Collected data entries

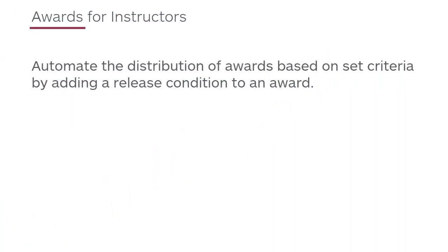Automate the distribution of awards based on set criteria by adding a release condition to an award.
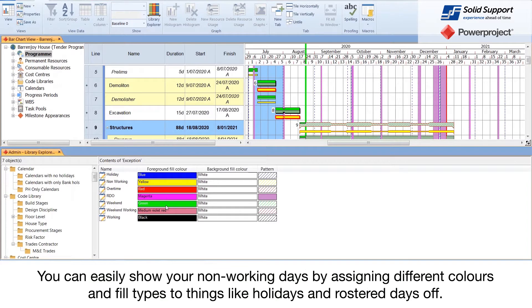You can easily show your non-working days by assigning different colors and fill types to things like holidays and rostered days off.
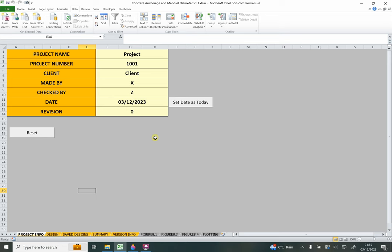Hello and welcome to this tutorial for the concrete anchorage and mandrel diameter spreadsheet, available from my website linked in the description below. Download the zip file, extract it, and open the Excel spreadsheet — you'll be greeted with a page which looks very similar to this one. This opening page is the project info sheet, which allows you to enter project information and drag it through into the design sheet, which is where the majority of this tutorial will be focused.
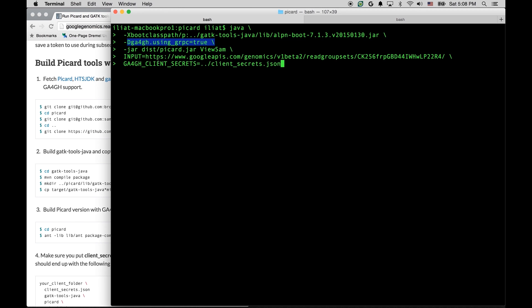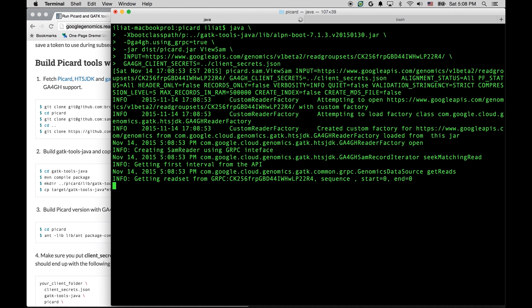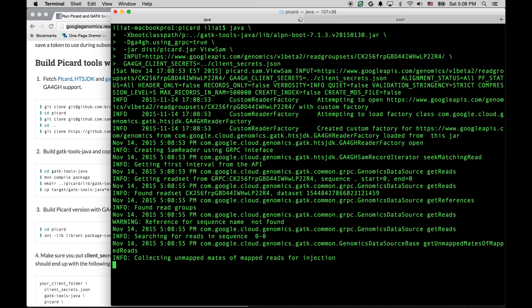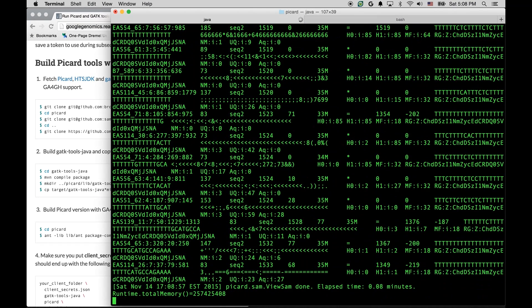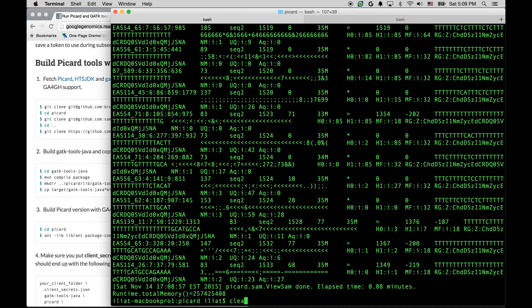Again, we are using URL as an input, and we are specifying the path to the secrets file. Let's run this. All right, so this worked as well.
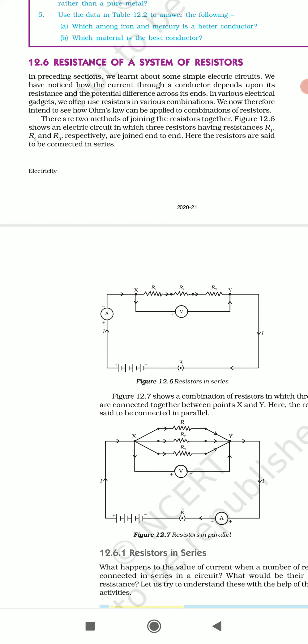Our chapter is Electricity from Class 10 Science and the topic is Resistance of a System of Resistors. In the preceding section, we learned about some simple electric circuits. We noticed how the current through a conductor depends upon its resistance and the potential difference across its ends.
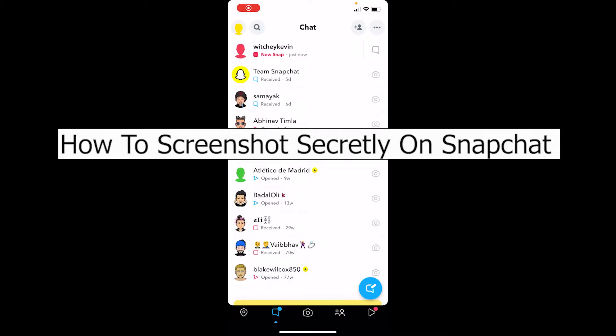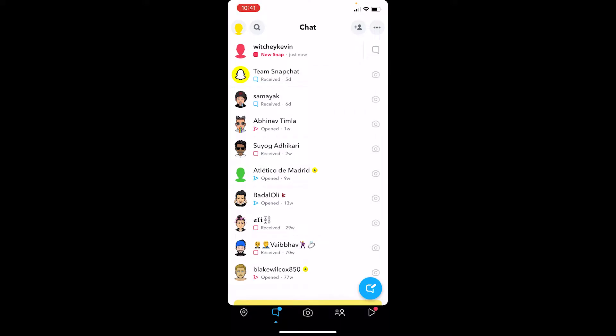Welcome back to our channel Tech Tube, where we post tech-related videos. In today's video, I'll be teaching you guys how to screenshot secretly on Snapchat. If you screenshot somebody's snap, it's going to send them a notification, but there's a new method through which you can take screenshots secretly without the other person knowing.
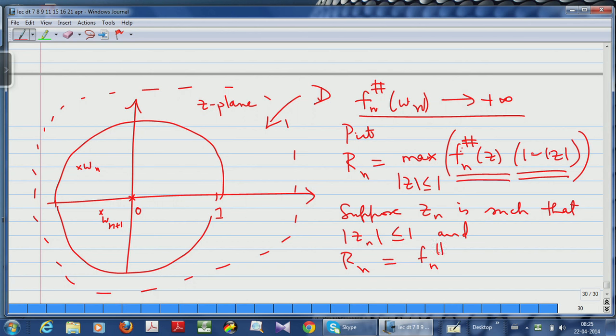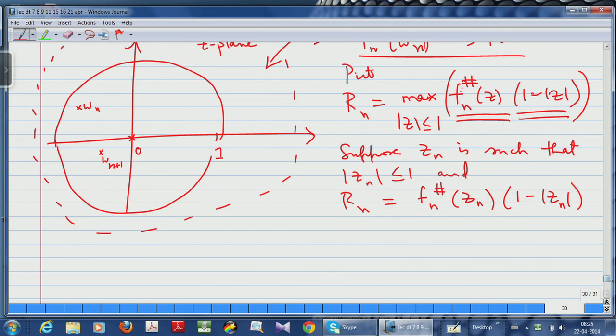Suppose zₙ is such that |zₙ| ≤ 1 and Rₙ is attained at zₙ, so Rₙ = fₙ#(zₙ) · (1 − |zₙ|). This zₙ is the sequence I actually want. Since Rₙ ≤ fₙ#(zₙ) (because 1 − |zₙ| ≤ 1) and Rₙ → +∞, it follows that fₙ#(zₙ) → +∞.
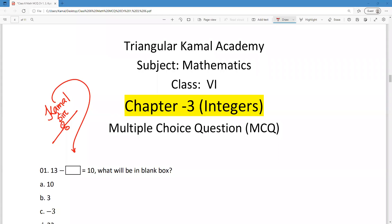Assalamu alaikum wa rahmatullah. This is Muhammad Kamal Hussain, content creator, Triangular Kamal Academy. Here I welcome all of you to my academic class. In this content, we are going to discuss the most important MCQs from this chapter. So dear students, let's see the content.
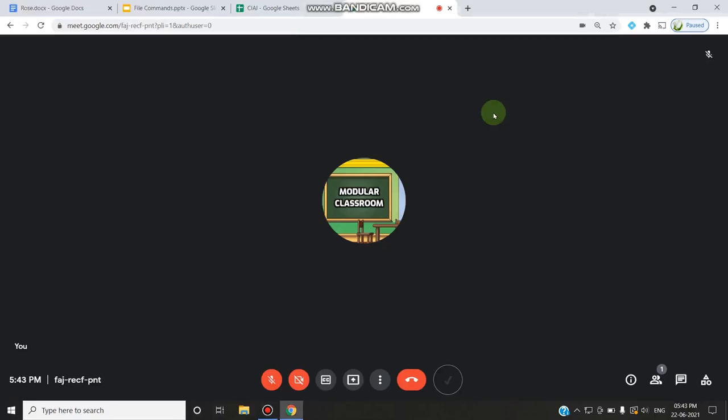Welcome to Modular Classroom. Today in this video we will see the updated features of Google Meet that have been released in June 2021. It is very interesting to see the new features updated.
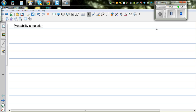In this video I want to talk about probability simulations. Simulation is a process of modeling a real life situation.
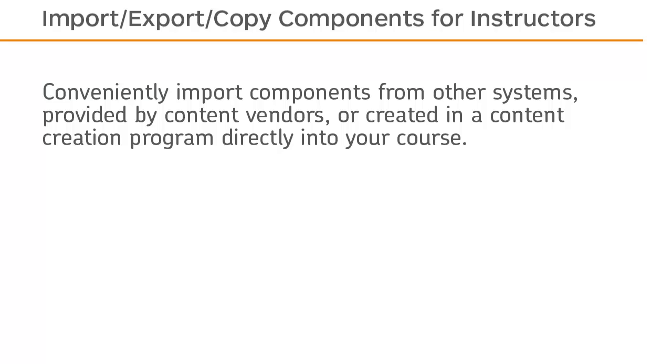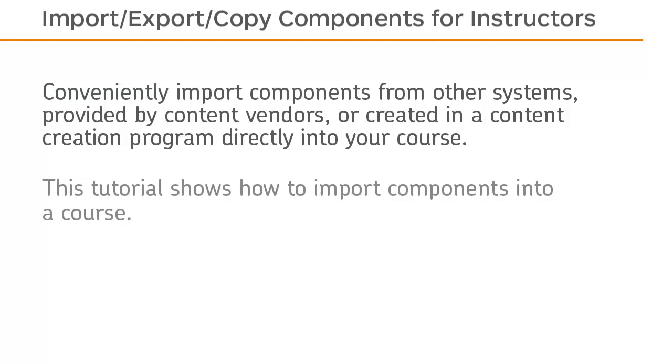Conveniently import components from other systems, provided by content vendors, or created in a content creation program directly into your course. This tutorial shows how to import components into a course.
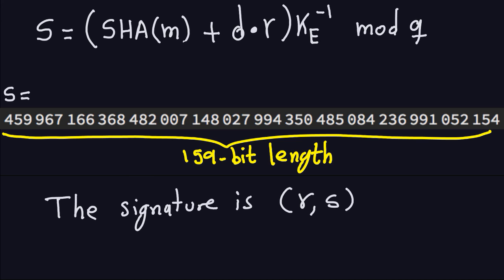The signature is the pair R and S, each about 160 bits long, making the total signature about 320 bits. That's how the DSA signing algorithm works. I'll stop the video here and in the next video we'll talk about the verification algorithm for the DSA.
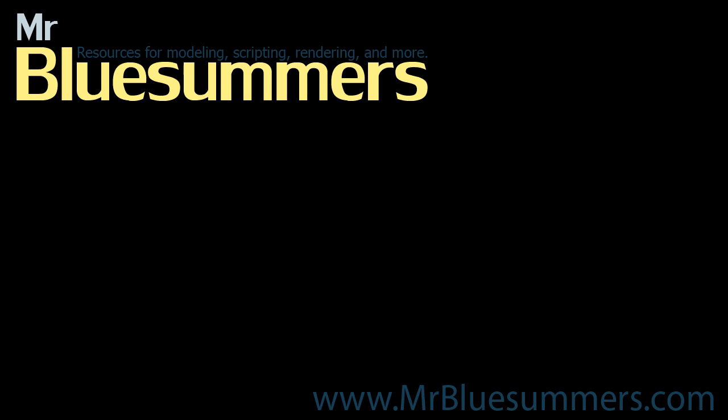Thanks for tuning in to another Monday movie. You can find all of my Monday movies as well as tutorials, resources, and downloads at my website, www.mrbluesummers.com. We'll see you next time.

TASK GOAL
Copy the lines above between the one holding "Again, we are" and the one holding "Our chapter is", inclusive. Drop the pictures.

TASK SOLUTION
Again, we are using URL as an input, and we are specifying the path to the secrets file. Let's run this. All right, so this worked as well.
Our chapter is Electricity from Class 10 Science and the topic is Resistance of a System of Resistors. In the preceding section, we learned about some simple electric circuits. We noticed how the current through a conductor depends upon its resistance and the potential difference across its ends.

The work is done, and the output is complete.